Un canonnier nommé Wailly, qui était, dans la nuit du 26-27 brumaire an II (16-17 novembre 1793), de faction à bord da ponton de la Samaritaine, stationné devant la Sécherie, et qui assista à l'événement, l'a raconté ainsi :

Environ minuit et demi, huit particuliers de moi inconnus se sont approchés du bord dudit ponton, montés sur un canot ; je les ai hélés, et, au mot de : Qui vive ! il m'a été répondu : Commandant, nous allons à bord. En effet, ils se sont approchés et m'ont demandé la liberté de passer avec un gabareau, qu'ils me dirent être chargé de quatre-vingt-dix brigands — que j'ai su depuis être quatre-vingt-dix prêtres —. Je leur ai répondu que la consigne qui m'était donnée était de ne laisser passer aucun bâtiment, que l'on ne m'apparaisse d'ordre supérieur. Sur ma réponse, l'un de ces individus, nommé Fouquet, me menaça de me couper par morceaux, parce que, ajouta-t-il, lui et sa troupe étaient autorisés à passer partout sans qu'on pût les arrêter. Je leur demandai à voir leurs pouvoirs ; ils obéirent et me présentèrent un ordre conçu à peu près en ces termes, et signé Carrier, représentant du peuple : Permis aux citoyens Fouquet et Lamberty de passer partout où besoin sera avec un gabareau chargé de brigands, sans que personne puisse les interrompre ni troubler dans ce transport.

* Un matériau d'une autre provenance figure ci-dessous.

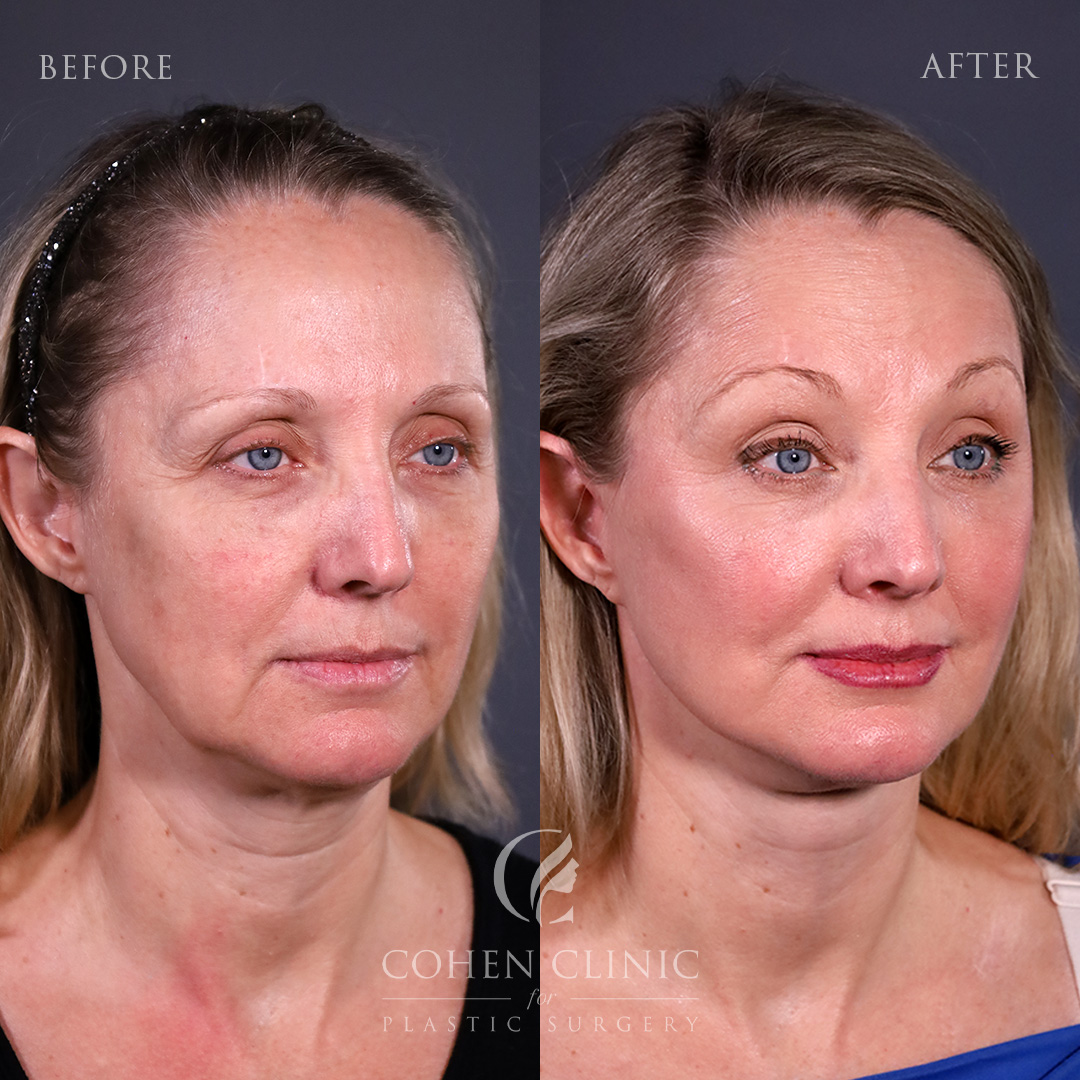 Case 67779 Marge Image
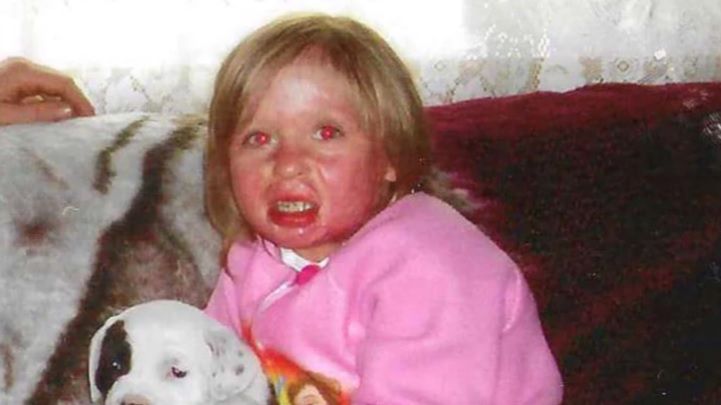 Matka chciała pozbyć się wszy z głowy dziecka. Użyła do tego benzyny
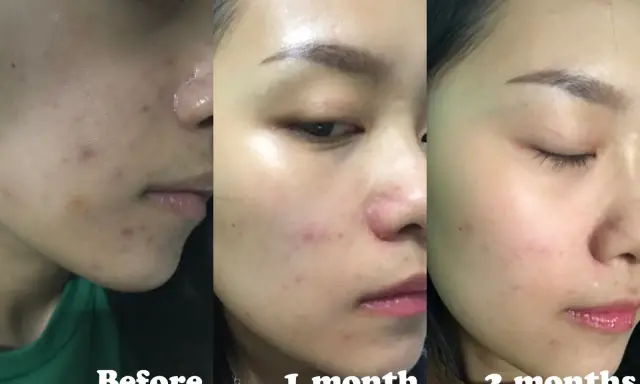 Acne migliorata con acido salicilico: prima, dopo 1 mese e dopo 2 mesi.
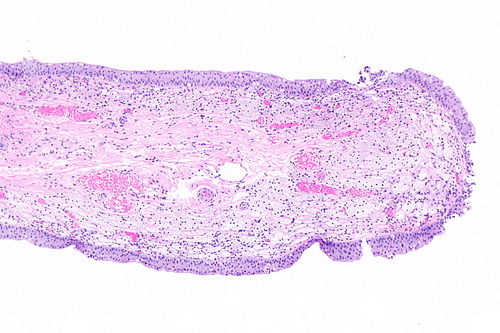 Urinary bladder xanthoma -- low mag.jpg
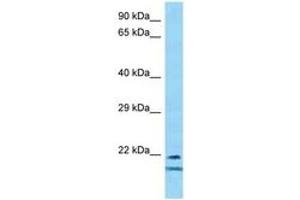 Image no. 1 for anti-Transcription Factor 23 (TCF23) (AA 92-141) antibody (ABIN6748386)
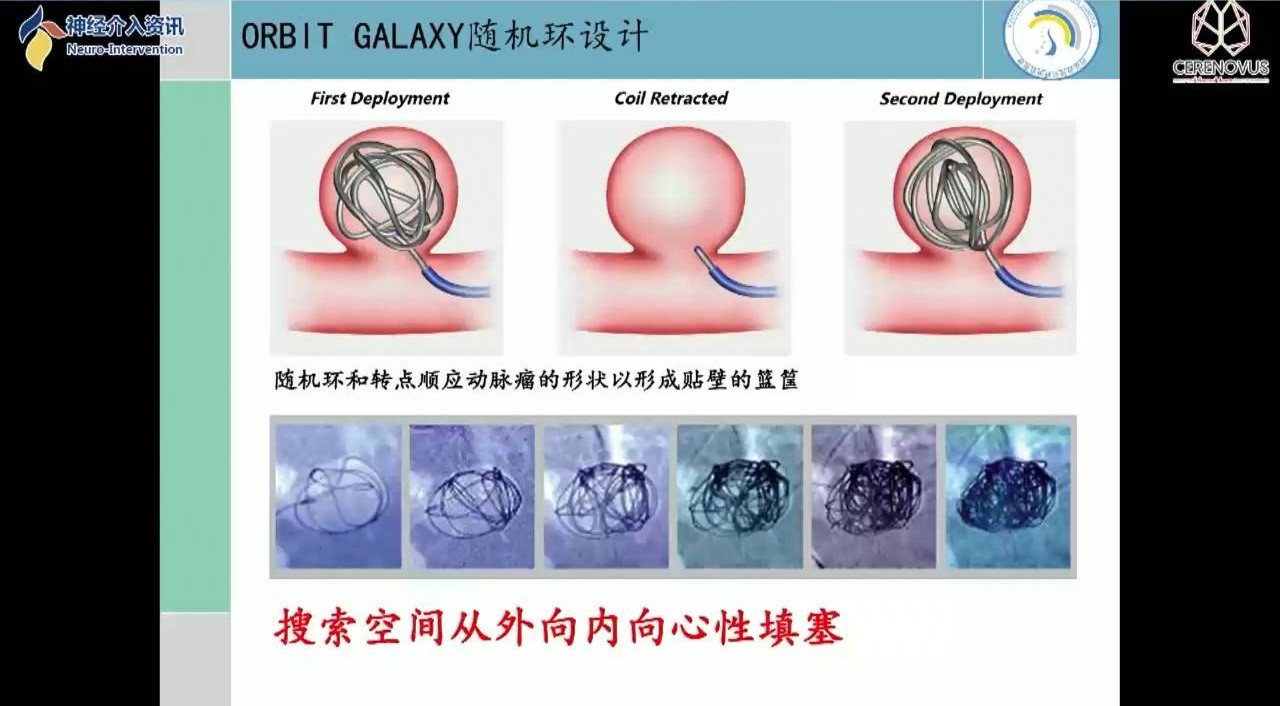 强生医疗cnv神经介入专栏丨张庆荣教授galaxy弹簧圈在小动脉瘤栓塞术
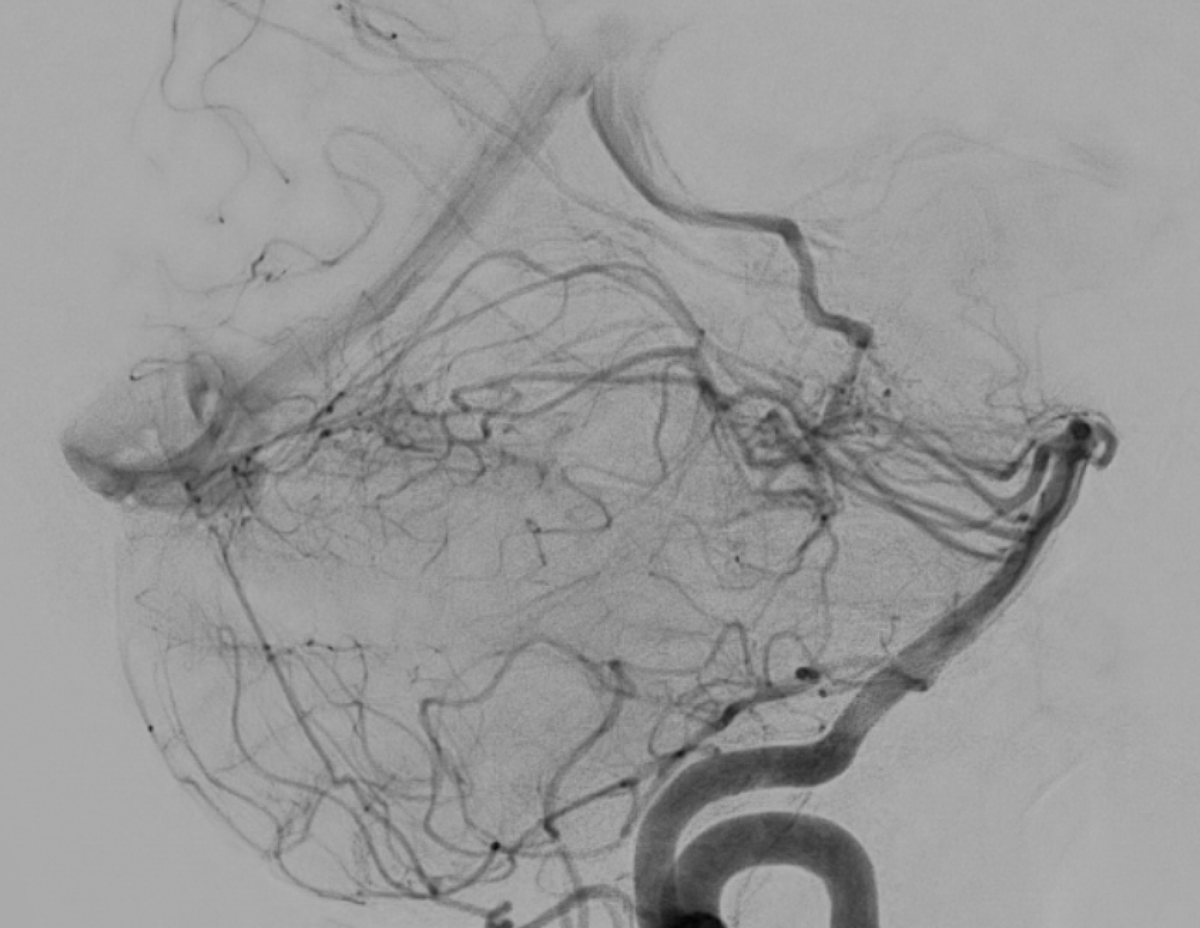 jjgarnham's tweet photo. Acute non-traumatic cerebellar haemorrhage in a young patient. Nothing seen on the CT angiogram or the post-contrast MRI, but look at the ASL...

There's high signal in the occipital sinus; this is not normal. If veins light up on ASL, that means labelled arterial blood got there too fast, which usually means it skipped the capillary bed. This implies arteriovenous shunting!

Lo and behold, the DSA shows a left perimesencephalic arteriovenous malformation supplied by basilar perforators and branches from the left superior cerebellar artery, draining into the left basal vein, vein of Galen, and straight sinus.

Muni de l'ordre du représentant Carrier que Fouquet et Lamberty venaient de me présenter, je ne crus pas devoir insister davantage ; en conséquence les particuliers montant le canot et le gabareau contenant les individus passèrent sous la batterie du ponton où j'étais en faction et un quart d'heure après j'entendis les plus grands cris partir du côté des bateaux qui venaient, de se séparer de moi, et, à la faveur du silence et de la nuit, j'entendis parfaitement que les cris de ceux que j'avais entendus auparavant étaient ceux des individus renfermés dans le gabareau, que l'on faisait périr de la façon la plus féroce. Je réveillai mes camarades du poste, lesquels, étant sur le pont, ont entendu les mêmes cris, jusqu'à l'instant où tout fut englouti[5].

Le gabareau se brisa-t-il sur le bord, emporté par la violence du courant, ou bien les bourreaux, novices encore, avaient-ils oublié de clouer les panneaux du pont ? Chacune, des deux hypothèses est vraisemblable, puisque quatre des victimes échappèrent à la mort, et que plusieurs corps de noyés furent, le lendemain ou le surlendemain, retirés de l'eau par l'équipage d'un navire[6].

Des quatre prêtres qui échappèrent, l'un était le recteur de Corsept et se nommait Thomas Lacombe ; l'autre était un prêtre de Sainte-Croix, M. Brianceau ; le nom du troisième est resté inconnu. Ils avaient été roulés sur le port et recueillis avec humanité par les matelots, qui leur donnèrent leur eau-de-vie pour les réchauffer[7]. Le quatrième, M. Landeau, curé de Saint-Liphard, emporté d'un autre côté, accosta une barque de pêcheurs où on le cacha si bien qu'il survécut à la Terreur.

Le-Comité révolutionnaire ayant appris que le capitaine Lafloury, commandant l'Imposant, avait recueilli trois prêtres à son bord, le fit venir et lui intima l'ordre avec menaces de se dessaisir tout de suite de leurs personnes[8]. Cet ordre, signé de Goullin, et écrit tout entier de sa main, est ainsi conçu :

Le citoyen Lafloury, capitaine de l'Imposant, stationné au port Lavigne, est requis de faire transférer de suite, de son bord sur la galiote hollandaise n° 2, ancrée vis-à-vis de la Sécherie, et servant de maison d'arrêt, les trois prêtres qu'il remettra au concierge de cette galiote avec injonction de les retenir sous sûre garde. Nantes, 29 brumaire[9].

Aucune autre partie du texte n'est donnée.